Problem to solve: For each line below that holds the word "Ford", make a copy.
═════ Records supplied ═════
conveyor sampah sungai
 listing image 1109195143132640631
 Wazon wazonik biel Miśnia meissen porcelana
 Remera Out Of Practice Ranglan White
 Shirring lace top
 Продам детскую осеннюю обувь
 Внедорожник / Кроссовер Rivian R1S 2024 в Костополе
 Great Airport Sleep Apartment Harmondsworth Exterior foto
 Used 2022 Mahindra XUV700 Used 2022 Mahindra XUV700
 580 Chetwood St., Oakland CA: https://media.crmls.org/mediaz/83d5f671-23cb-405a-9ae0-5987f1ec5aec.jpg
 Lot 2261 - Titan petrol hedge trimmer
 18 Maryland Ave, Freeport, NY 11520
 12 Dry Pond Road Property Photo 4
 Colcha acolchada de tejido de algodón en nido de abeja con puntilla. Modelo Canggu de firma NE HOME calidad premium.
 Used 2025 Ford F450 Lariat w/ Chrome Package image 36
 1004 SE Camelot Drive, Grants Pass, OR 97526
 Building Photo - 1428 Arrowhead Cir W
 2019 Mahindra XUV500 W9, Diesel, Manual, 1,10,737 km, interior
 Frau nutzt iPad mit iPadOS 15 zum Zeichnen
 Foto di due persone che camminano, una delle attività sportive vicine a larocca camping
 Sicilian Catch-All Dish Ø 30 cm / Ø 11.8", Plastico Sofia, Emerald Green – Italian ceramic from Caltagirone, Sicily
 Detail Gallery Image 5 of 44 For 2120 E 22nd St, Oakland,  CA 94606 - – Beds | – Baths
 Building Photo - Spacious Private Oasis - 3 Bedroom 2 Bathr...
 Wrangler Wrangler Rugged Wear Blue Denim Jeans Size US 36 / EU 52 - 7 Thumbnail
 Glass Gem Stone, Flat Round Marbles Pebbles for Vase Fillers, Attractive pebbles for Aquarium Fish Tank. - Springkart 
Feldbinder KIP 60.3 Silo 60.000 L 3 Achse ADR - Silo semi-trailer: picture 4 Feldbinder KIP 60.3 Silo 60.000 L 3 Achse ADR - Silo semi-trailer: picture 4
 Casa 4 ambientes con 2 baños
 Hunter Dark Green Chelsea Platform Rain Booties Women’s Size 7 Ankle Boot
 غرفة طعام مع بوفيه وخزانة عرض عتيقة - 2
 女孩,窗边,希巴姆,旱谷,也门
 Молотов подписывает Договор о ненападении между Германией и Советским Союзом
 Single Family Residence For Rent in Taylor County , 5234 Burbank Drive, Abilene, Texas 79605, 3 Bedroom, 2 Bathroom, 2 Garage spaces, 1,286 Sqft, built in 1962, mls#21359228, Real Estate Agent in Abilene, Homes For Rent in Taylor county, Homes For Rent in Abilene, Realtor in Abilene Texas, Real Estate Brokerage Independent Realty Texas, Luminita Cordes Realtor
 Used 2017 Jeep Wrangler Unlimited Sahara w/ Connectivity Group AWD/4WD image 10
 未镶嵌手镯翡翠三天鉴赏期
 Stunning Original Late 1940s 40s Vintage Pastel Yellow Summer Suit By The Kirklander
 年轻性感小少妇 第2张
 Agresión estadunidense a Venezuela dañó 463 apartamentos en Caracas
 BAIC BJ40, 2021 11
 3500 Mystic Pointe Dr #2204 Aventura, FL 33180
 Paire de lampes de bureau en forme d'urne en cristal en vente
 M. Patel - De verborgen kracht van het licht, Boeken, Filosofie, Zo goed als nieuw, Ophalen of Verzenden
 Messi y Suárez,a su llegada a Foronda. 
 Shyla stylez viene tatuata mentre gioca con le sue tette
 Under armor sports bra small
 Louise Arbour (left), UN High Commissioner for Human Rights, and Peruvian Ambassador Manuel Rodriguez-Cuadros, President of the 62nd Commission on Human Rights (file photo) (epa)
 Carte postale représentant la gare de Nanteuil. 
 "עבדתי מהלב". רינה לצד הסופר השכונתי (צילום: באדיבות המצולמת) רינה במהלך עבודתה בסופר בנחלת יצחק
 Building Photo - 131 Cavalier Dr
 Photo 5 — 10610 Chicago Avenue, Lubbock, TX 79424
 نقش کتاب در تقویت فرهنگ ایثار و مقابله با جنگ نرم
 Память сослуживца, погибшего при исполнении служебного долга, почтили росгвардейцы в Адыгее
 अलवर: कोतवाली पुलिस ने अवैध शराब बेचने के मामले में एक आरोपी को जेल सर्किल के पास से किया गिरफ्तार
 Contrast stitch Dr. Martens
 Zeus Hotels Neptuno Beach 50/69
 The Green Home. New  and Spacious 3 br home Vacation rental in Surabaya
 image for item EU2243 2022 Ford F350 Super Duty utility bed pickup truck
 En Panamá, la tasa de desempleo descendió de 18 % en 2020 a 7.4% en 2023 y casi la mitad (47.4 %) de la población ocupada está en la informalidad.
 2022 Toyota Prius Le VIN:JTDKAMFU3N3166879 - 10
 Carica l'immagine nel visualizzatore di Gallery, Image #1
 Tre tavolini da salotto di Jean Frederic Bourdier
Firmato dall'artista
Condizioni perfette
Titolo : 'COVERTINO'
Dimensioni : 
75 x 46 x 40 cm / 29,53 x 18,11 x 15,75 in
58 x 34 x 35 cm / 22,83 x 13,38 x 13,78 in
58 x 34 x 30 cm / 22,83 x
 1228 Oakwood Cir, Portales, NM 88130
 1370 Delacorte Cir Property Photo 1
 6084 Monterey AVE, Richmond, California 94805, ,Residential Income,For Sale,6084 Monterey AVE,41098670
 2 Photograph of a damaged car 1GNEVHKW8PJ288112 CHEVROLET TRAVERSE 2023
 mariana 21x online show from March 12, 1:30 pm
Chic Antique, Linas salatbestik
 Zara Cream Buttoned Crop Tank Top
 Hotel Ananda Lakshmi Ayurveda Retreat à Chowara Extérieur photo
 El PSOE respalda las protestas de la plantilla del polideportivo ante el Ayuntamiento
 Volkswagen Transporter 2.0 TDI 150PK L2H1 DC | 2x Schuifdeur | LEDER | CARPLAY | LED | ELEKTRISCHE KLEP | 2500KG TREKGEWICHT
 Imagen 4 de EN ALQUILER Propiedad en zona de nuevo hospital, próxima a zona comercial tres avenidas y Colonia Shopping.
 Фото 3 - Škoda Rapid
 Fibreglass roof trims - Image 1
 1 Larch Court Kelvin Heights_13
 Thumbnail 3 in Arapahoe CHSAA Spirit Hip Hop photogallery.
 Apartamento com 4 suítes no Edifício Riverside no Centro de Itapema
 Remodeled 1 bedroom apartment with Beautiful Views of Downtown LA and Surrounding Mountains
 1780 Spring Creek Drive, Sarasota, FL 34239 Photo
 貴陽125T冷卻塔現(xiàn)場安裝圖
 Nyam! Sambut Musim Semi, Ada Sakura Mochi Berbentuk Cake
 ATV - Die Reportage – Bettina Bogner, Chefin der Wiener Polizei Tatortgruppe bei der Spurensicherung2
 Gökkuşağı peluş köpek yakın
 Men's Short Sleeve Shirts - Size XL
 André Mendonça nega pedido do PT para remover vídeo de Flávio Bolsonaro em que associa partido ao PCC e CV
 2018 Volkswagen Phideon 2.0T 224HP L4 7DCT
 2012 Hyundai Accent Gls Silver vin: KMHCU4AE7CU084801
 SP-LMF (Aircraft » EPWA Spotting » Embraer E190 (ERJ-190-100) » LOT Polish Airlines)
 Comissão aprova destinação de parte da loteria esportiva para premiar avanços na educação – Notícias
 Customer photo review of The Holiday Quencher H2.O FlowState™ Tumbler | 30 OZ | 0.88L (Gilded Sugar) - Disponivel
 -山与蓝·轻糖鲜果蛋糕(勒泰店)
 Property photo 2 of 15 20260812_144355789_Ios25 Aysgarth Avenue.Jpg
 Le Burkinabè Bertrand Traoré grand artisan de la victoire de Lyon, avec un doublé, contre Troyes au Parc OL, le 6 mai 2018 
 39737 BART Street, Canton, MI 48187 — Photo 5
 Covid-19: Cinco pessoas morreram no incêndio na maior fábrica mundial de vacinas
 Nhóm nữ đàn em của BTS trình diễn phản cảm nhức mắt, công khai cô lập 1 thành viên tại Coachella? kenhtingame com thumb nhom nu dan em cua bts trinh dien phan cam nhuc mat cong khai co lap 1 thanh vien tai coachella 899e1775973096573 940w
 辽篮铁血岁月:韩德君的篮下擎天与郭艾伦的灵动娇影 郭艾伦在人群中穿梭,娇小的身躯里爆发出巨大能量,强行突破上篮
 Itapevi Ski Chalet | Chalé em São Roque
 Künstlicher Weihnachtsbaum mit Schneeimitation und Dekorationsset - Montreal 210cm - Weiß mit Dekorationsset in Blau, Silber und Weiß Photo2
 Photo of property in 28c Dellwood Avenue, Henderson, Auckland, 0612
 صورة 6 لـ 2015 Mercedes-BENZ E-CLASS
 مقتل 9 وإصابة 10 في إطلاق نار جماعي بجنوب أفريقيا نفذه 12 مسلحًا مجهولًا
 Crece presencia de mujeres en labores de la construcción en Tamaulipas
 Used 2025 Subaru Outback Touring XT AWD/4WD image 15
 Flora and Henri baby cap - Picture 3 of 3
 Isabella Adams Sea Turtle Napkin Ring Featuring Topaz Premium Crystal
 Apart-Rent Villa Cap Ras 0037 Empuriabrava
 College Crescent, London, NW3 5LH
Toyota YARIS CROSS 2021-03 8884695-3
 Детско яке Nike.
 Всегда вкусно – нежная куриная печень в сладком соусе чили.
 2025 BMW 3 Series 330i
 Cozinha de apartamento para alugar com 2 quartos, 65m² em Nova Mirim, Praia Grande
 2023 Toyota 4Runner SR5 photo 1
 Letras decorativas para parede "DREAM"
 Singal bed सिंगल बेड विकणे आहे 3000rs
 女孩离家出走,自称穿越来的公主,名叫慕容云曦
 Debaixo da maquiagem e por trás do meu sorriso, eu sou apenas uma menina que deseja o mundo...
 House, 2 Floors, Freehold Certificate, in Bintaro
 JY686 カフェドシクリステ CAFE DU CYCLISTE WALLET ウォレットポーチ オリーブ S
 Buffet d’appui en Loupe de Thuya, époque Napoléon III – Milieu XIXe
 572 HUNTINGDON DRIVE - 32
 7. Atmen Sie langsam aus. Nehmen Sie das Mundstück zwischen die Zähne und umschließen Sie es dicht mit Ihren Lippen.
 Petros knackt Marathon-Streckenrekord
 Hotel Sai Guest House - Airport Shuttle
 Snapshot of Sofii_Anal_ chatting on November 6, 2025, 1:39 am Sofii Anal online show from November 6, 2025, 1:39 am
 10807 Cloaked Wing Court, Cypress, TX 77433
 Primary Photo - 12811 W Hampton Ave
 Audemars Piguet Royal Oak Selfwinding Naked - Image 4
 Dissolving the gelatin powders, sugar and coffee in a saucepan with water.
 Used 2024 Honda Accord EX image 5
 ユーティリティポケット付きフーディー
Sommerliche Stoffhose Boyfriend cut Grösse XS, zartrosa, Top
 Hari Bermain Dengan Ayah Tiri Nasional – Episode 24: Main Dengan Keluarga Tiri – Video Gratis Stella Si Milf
═════
Result of this task:
 Used 2025 Ford F450 Lariat w/ Chrome Package image 36
 image for item EU2243 2022 Ford F350 Super Duty utility bed pickup truck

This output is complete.